Components such as web console components or web console policies respond by sending ConsoleCommands on the ConsoleConnection channel as responses. The ConsoleCommands are handled by the ConsoleWeblet which serializes the data and sends it to the WebSocket using Output events.

Web Console Session Preparation and Configuration

The diagram below shows the complete mandatory sequence of events following the web console ready message. The diagram uses a simplified version of the sequence diagram that combines the ConsoleWeblet and the WebConsole into a single object and leaves out the details about the JSON serialization/deserialization.

WebConsole Ready Event Sequence

The remaining part of this section provides an overview of the preparation and configuration sequence. Detailed information about the purpose and handling of the different events can be found in their respective JavaDoc or in the documentation of the components that handle them. Note that the these detailed descriptions use the simplified version of the sequence diagram as well.

The preparation sequence starts with AddPageResources events fired by the PageResourceProvider components in response to the ConsoleReady event. These cause the web console page to load additional, global resources.
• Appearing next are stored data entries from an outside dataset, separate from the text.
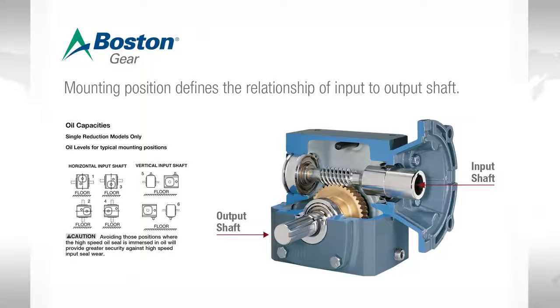Mounting position defines the relationship of the input to the output shaft. Having a unit mounted as shown here has the input shaft and the worm over the output shaft and the bronze gear. This is called mounting position one, and it's the most common mounting.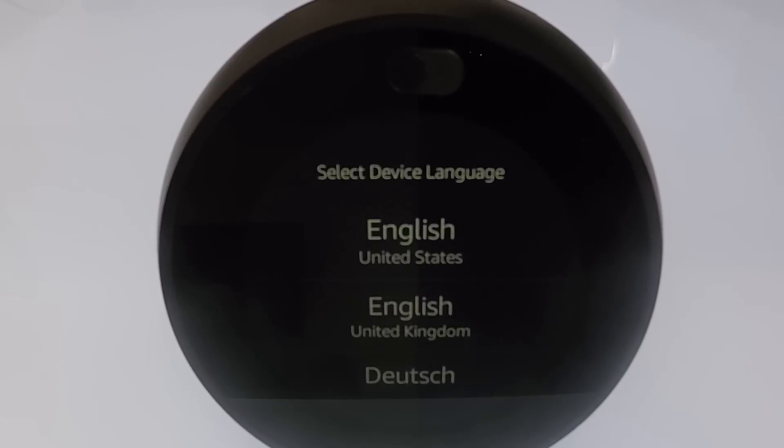Hello, your Echo Spot is ready for setup. The Amazon Echo Spot has now been reset back to factory defaults and we have deregistered the device from our Amazon account.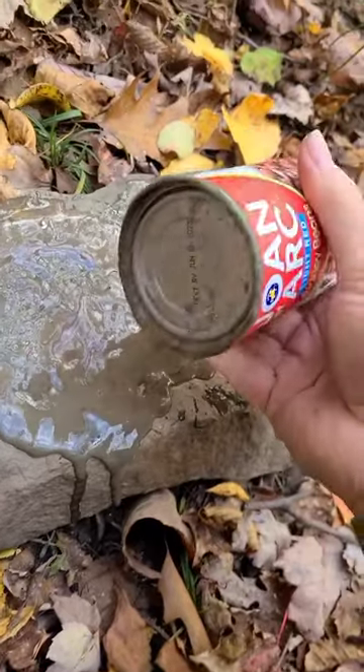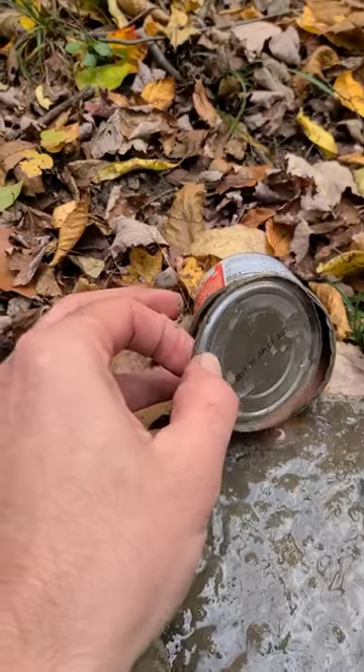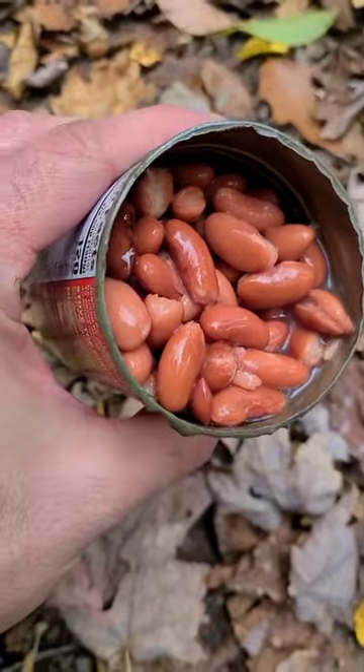All you do is grind the top of the can on a flat rock until the metal wears through, and then the lid can pop off. Don't cut yourself. Just make sure there's no metal shavings in there.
In parallel (also in response to the ConsoleReady event), each display component fires an AddConletType event. This causes the web console page in the browser to register the web console component type in the web console’s menu of instantiable display components and to load any additionally required resources.
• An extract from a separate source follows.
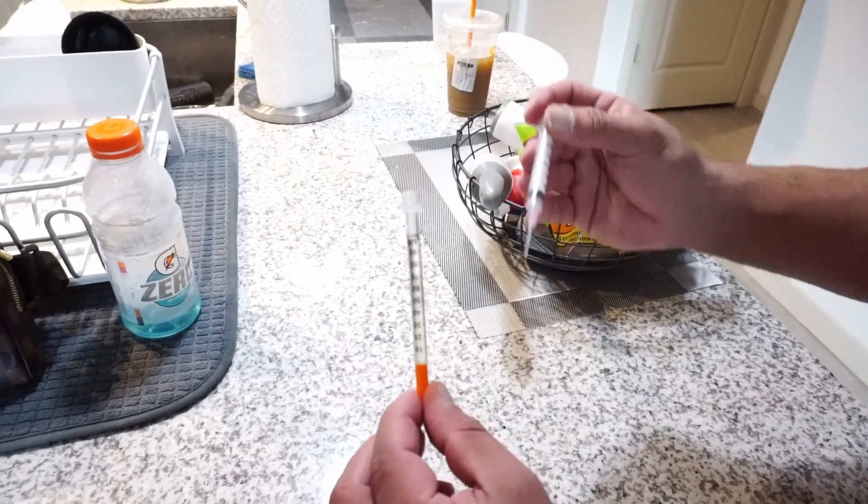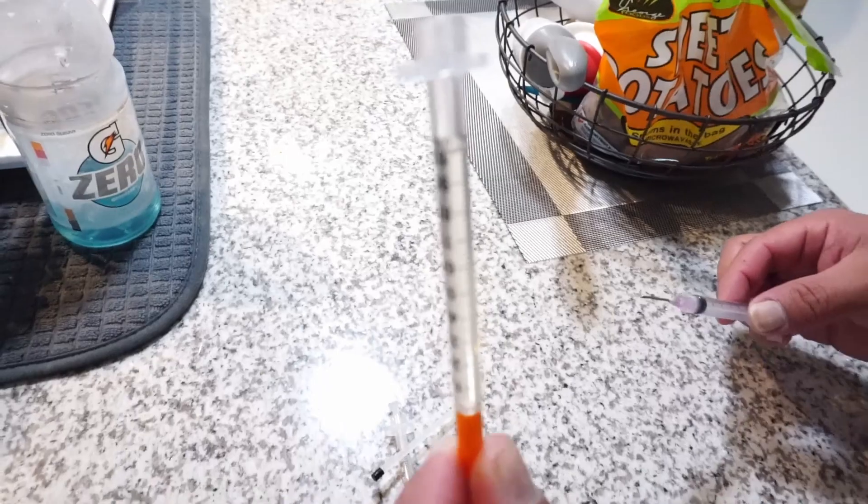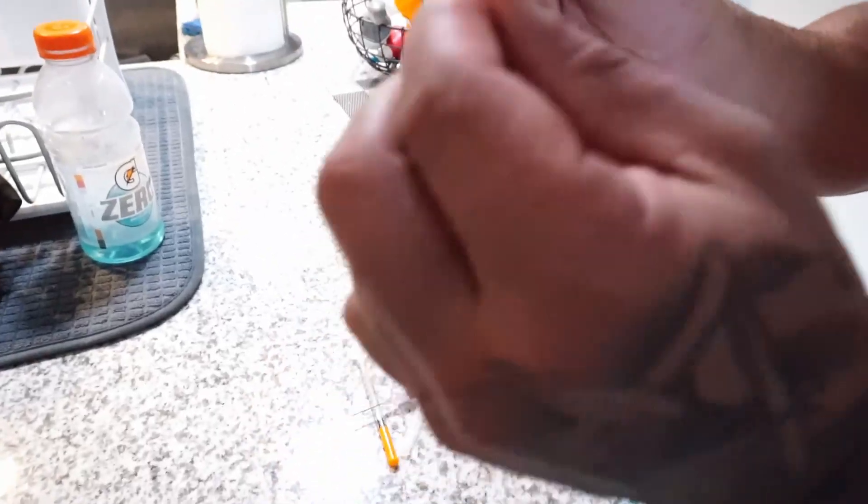I put one CC in there, exactly at a hundred units — you see that? Okay, you get this and you get this. Make sure this stays this way because the oil will spill out. So you're gonna plunge it through. You don't want to compress it all the way through — you see that little bubble?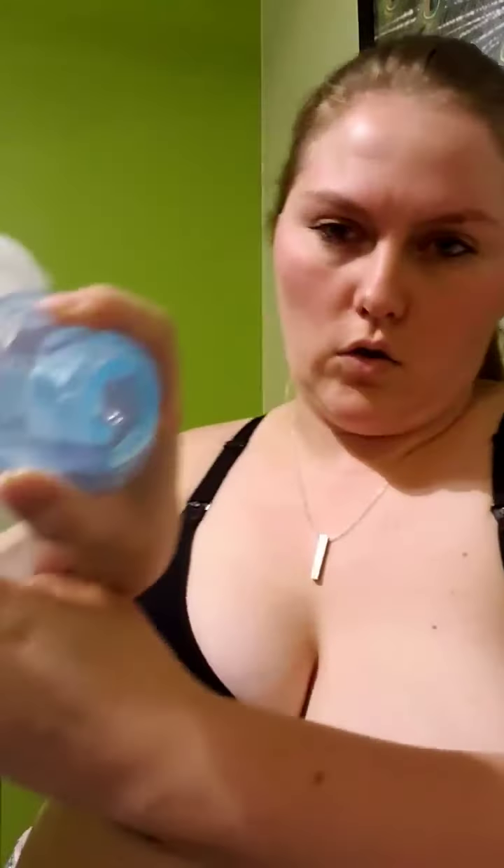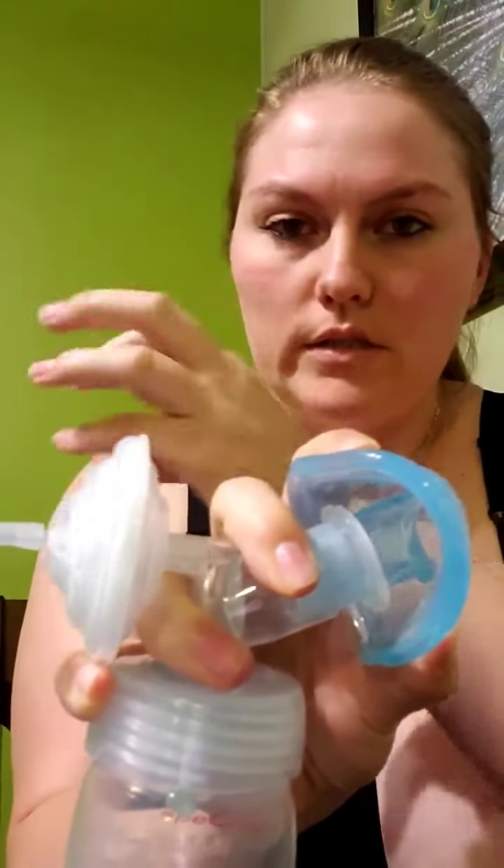What you want to do is take your two hands and flip this flange backwards to make an O shape. I hold it like this with my two fingers to keep it flipped back. Watch your backflow protector — when the pump suctions, it's going to pull the backflow towards the back, so that's important to pay attention to when you're doing this.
When all previously mentioned events have been processed, the web console is considered prepared for usage and a ConsolePrepared event is generated (by the framework as CompletionEvent of the ConsoleReady event). This causes the web console policy to send the last known layout to the web console page in the browser and to send RenderConletRequest events for all display components (instances, to be precise) in that last known layout. These are the same events as those sent by the browser when the user adds a new web console component instance to the web console page. The web console policy thus “replays” the creation of the web console components and the portal page uses the last layout information to restore the previous positions.

As completion event of the ConsolePrepared event, the framework generates a ConsoleConfigured event which is sent to the web console, indicating that it is now ready for use.

Web Console Session Use

After the web console page has been configured, the system usually waits for input from the user. Changes of the layout of the web console page result in events such as AddConletRequest, RenderConletRequest and ConletDeleted.

Actions on web console components trigger JSON messages that result in NotifyConletModel events which are processed by the respective display component. If, due to the results of the action, the representation of the display component on the web console page must be updated, the web console component fires a NotifyConletView event.

NotifyConletView events can also be sent unsolicitedly by web console components if the model data changes independent of user actions.

Writing a web console display component (Conlet)

Web console display components (“conlets”) are components that consume and produce events. They don’t have to implement a specific interface. Rather, they have to exhibit a specific behavior that can be derived from the descriptions above. The documentation of the base class AbstractConlet summarizes the responsibilities of a web console component.

Display components consist of (at least one) Java class and HTML generated by this class. Optionally, a display component can contribute style information and JavaScript (see AddConletType). It may (and should) make use of the styles and classes provided by the web console JavaScript object in the browser page.